Green links: corporate networks and environmental performance

Michał Dzieliński and Lu Liu, both at the Finance section, recently got their article "Green links: corporate networks and environmental performance" accepted for publication in the Review of Finance, one of the top journals in finance.

In the article, Michał Dzieliński and Lu Liu and their coauthors (Hossein Asgharian at Lund University and Zahra Hashemzadeh at Saxo Bank) investigate the propagation of corporate environmental performance among competitors as well as from customers to suppliers and vice versa. Importantly, they focus on an objective measure of environmental performance, carbon intensity, defined as a company’s CO2-equivalent emissions in tons divided by its revenue in USD million.

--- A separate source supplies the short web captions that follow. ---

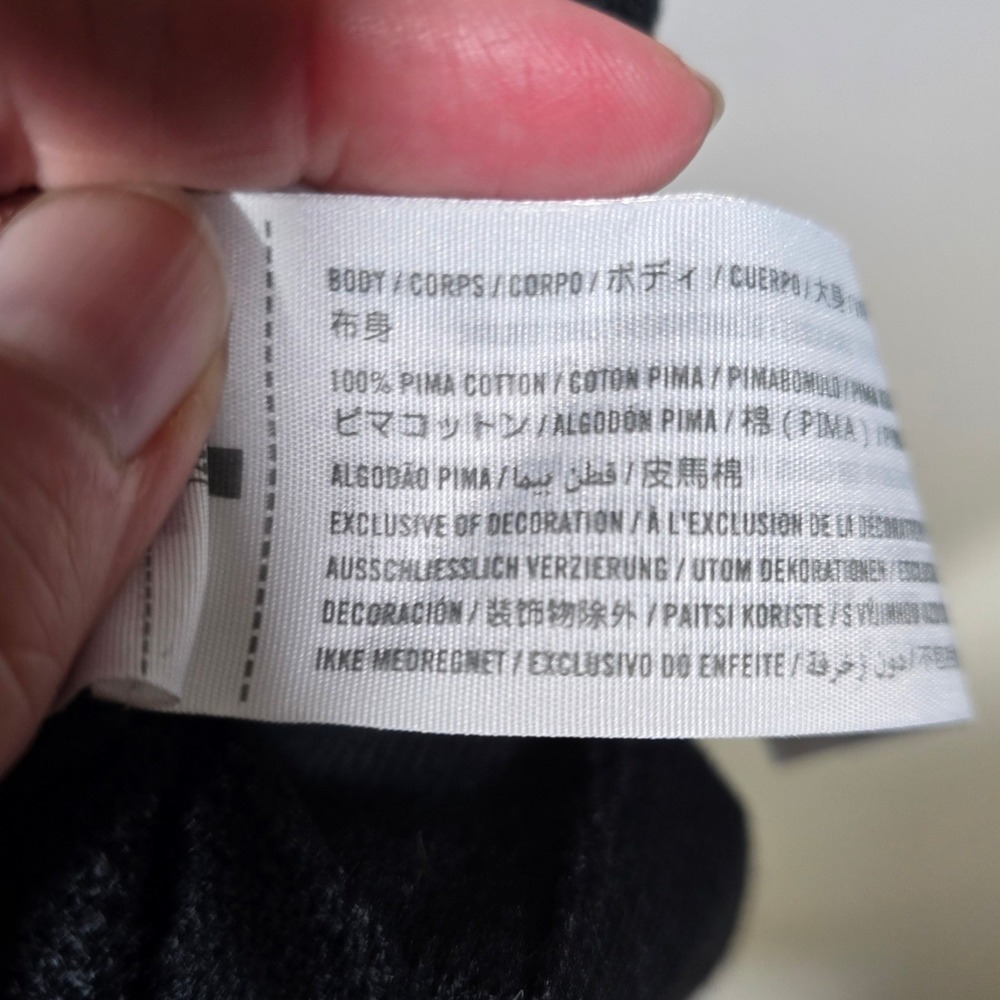 Abercrombie & Fitch Mens XXL Black‎ Featherweight Pima Cotton Polo Shirt - Picture 6 of 8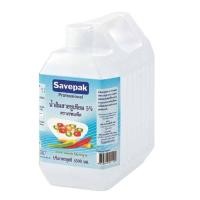 ราคา พร้อมส่ง เซพแพค น้ำส้มสายชูเทียม4500 มล Savepak Vinegar 5 4500 ml (17765210289)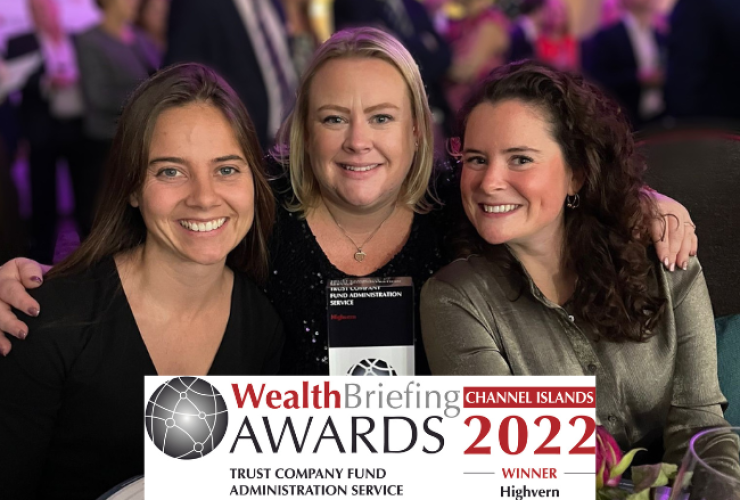 HIGHVERN wins inaugural WealthBriefing Channel Islands Award for Fund Administration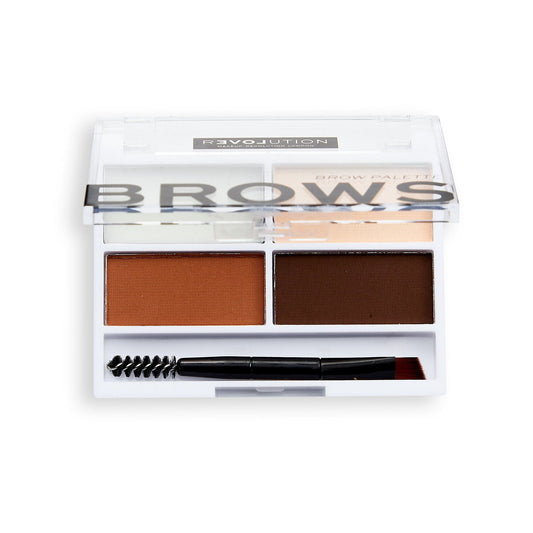 Relove by revolution revolution relove colour cult brow palette medium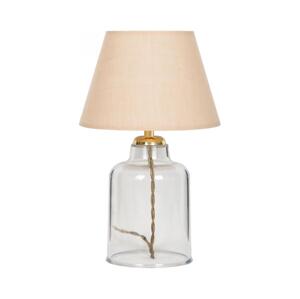 Stolní lampa AYD 1xE27/40W/230V béžová/čirá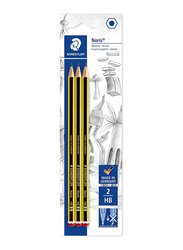 Staedtler HB Noris Pencil with Blister, 3 Pieces, Yello/Black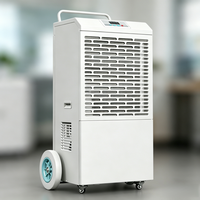 Nouveau déshumidificateur mobile industriel commercial haute performance 138L/D, conception sur chariot portable, sécheur d'air pour usine et laboratoire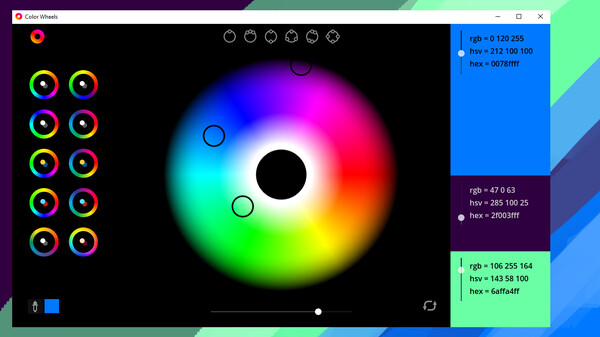 Color Wheels screenshot 2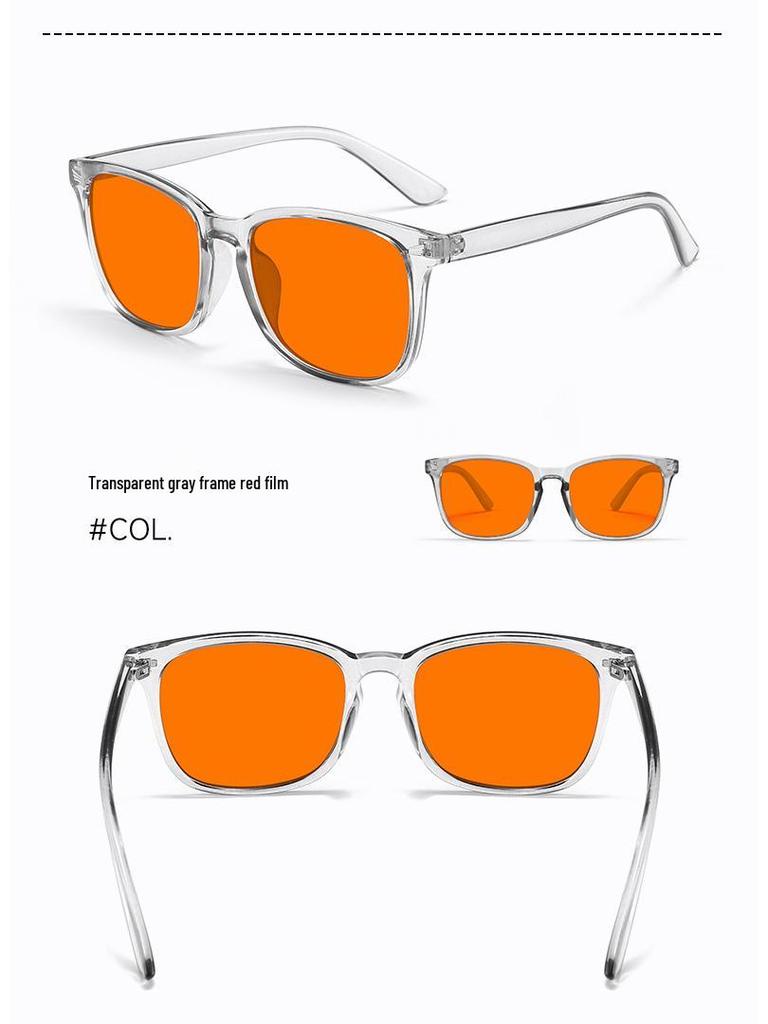 Light-Enhancing Sleep-Aid Glasses: Blue Light Blocking, Reflective Coating, Anti-Blu-Ray, Anti-Radiation, Melatonin Support, TR Frame.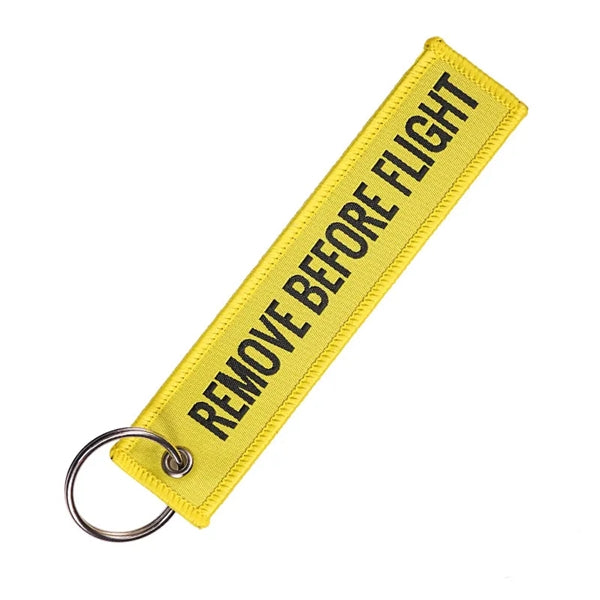 Woven Embroidered Keychain Tag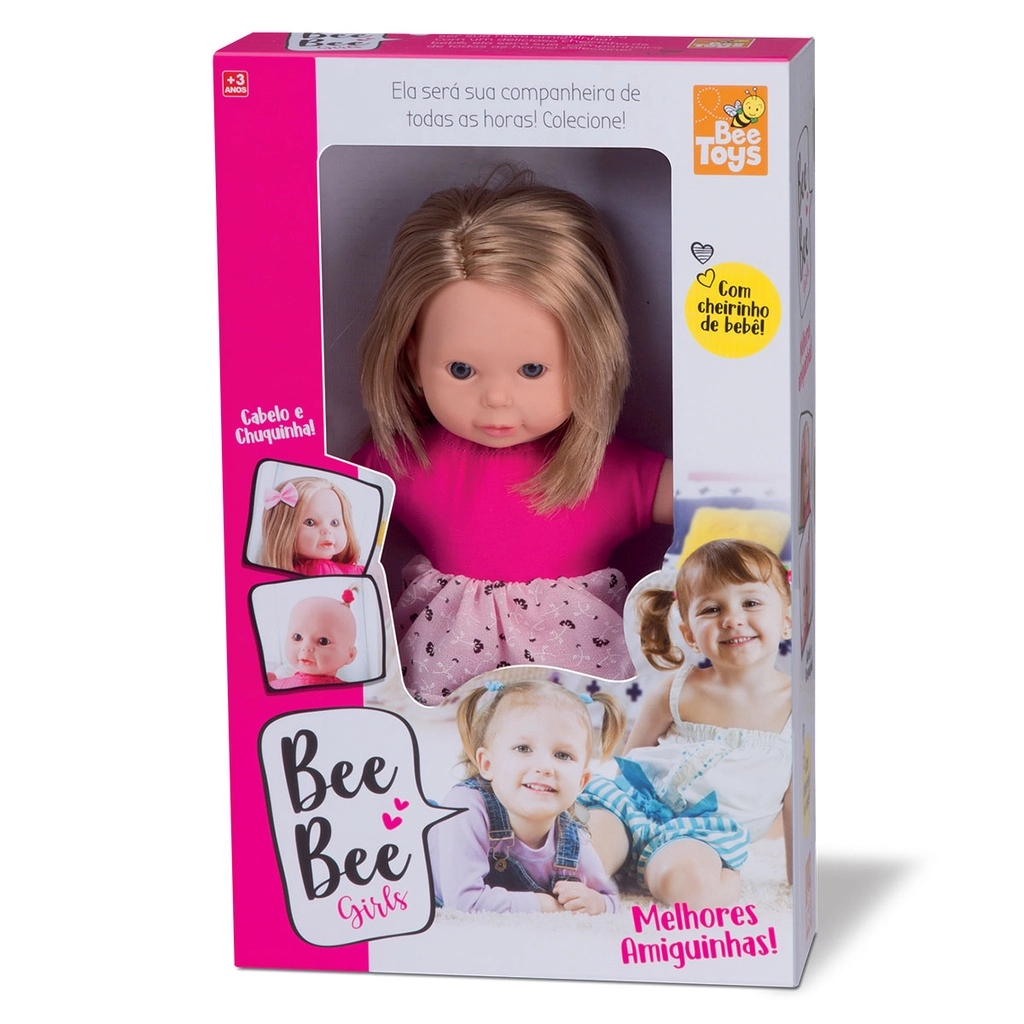 Boneca Bee Toys Girls Melhores Amiguinhas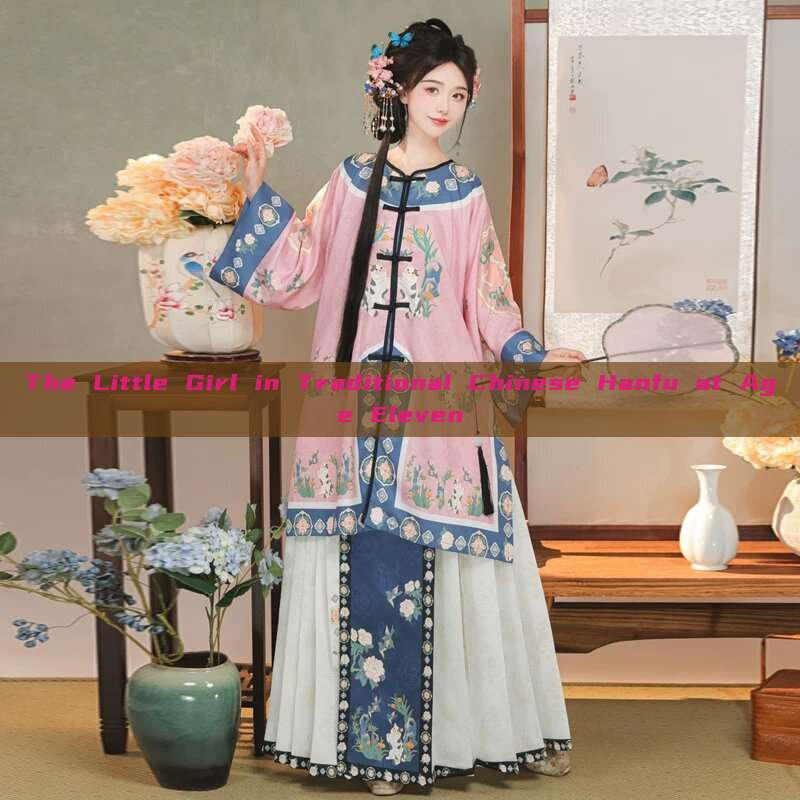 The Little Girl in Traditional Chinese Hanfu at Age Eleven The Little Girl in Traditional Chinese Hanfu at Age Eleven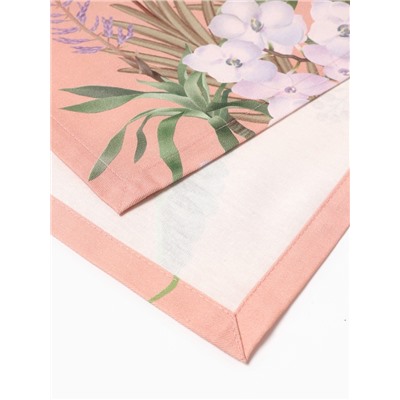 Набор салфеток «Этель» Tropical animals, 40×40 см - 4 шт., 100% хлопок., 190 г/м²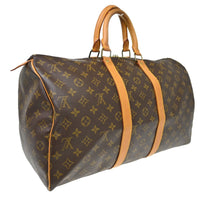 Louis Vuitton Louis Vuitton Keepall Bag Monogram Canvas Brown Canvas Travel Bag Bag (Authentic Pre-Loved)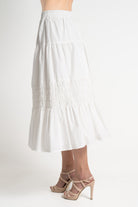 ميكا تنورة ميدي نسائية بخصر مطاطي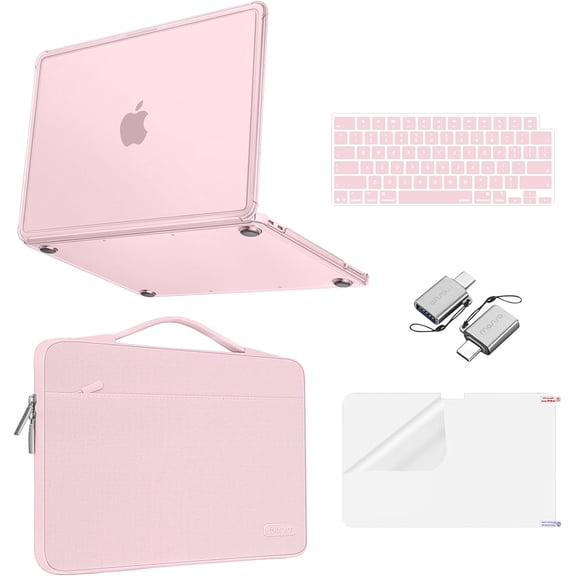 MOSISO Compatible with MacBook Neo 13 Inch Case Sleeve Bag 2026 A3404, Matte Hard Shell with Protection Reinforced Corners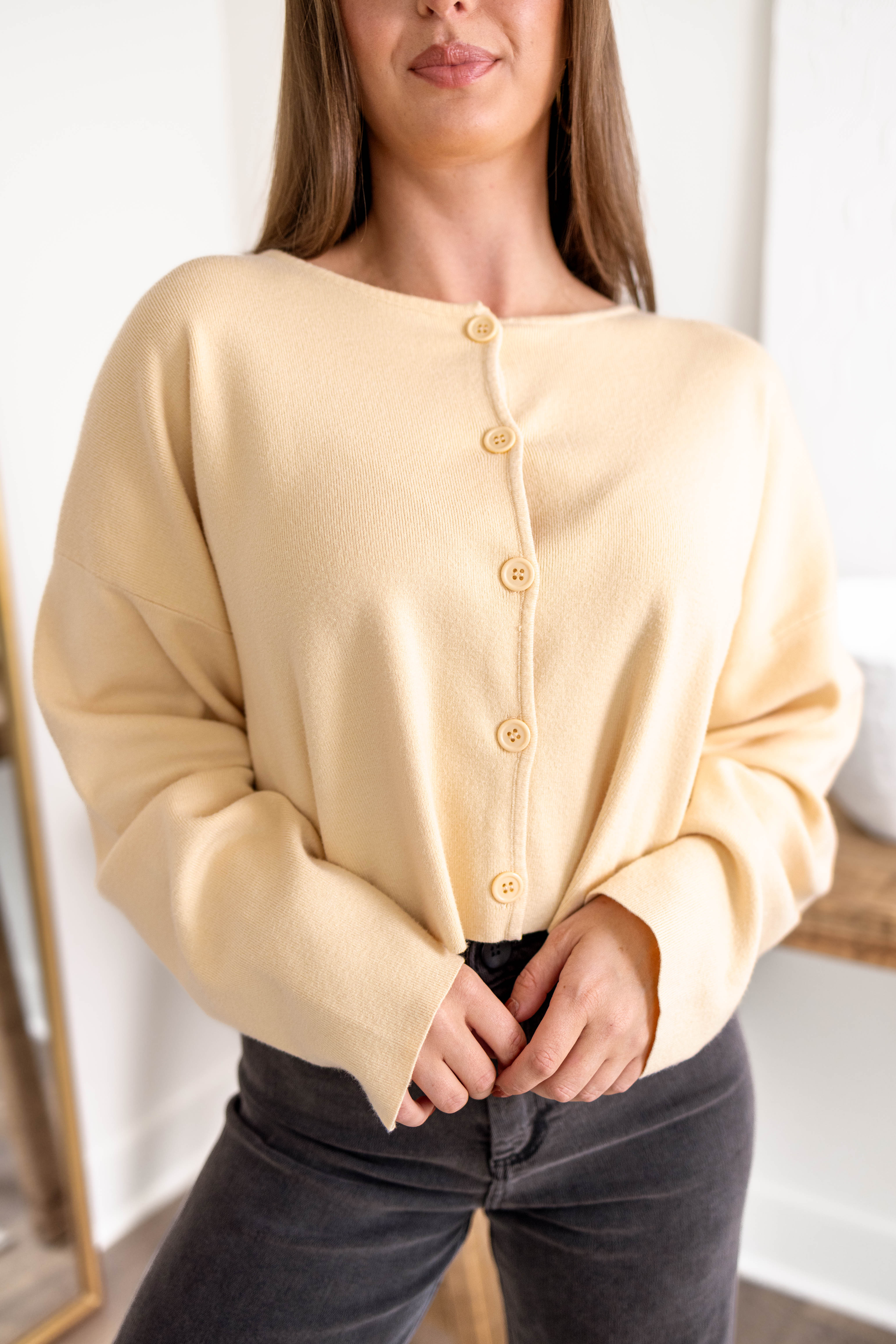 Harper Cardigan | Yellow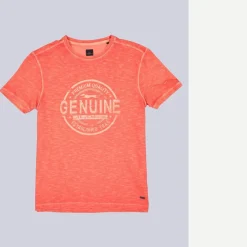 engbers Rundha Print T-hirt it Fatruktur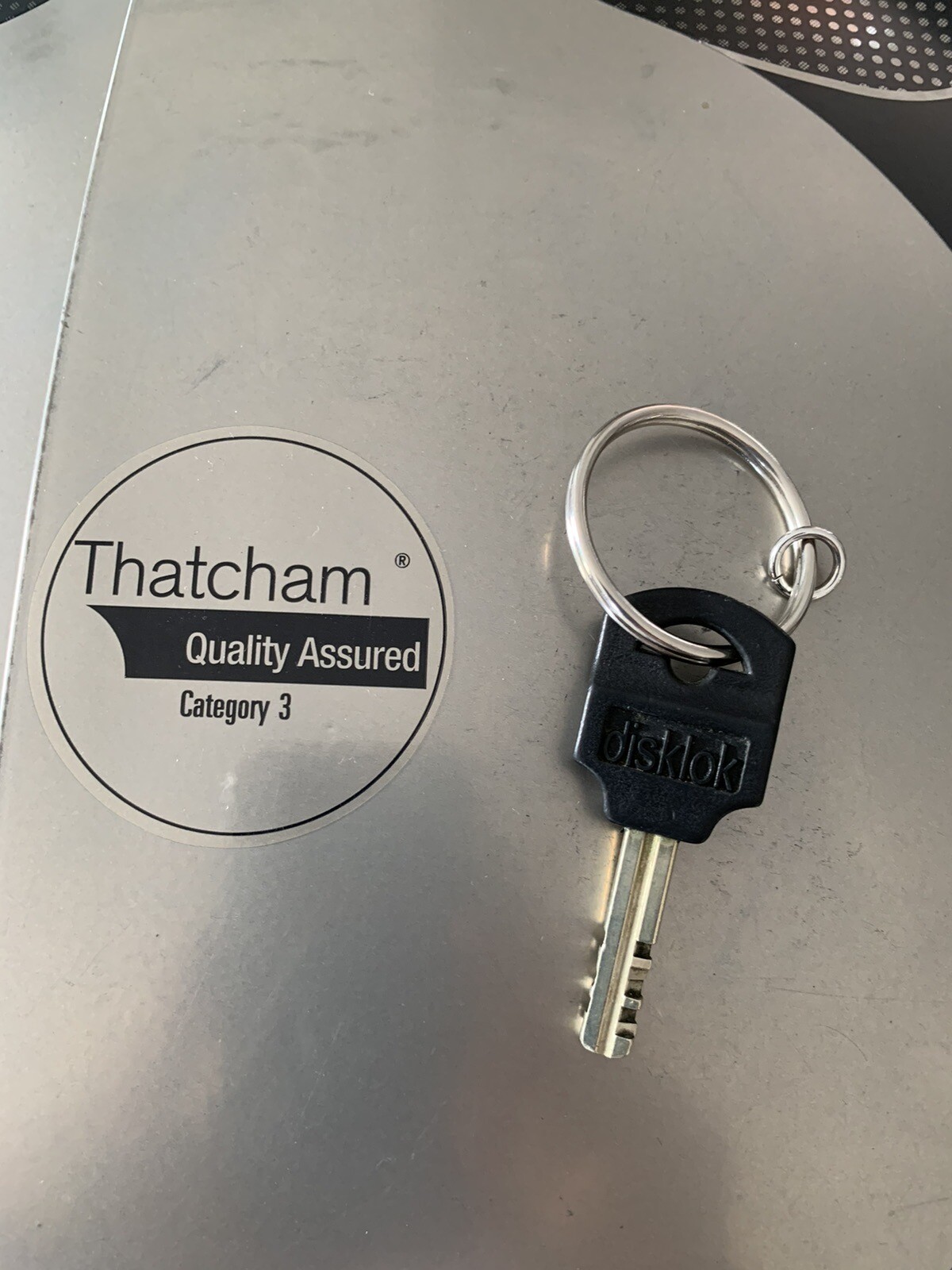 Disklok Steering Lock Small Silver Up To 39cm Steering Wheel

Lu Liu and Michał Dzieliński
Lu Liu and Michał Dzieliński

They find significant propagation of carbon intensity among competitors and provide further evidence motivating that this effect is causal. Why exactly should companies be affected by their competitors’ environmental performance? In further analysis, the authors show that competitor propagation stems from both competitive pressure and technological spillover. Importantly, they find that propagation is strong when the firm’s own environmental performance is poor initially and when the competitor improves its environmental performance, alleviating concerns that improvements in performance are concentrated among firms that are already green. The overall conclusion is that network effects among competing firms are a significant force shaping environmental performance, and a force mostly for good.

The article’s findings could be useful in guiding governments, activists and other stakeholders to engage with the right companies in order to maximize the effect on the entire network of competitors. For company executives themselves, knowing that any improvements they make at their own firm will have positive knock-on effects on other firms, will hopefully provide much-needed inspiration to take the lead on environmental performance.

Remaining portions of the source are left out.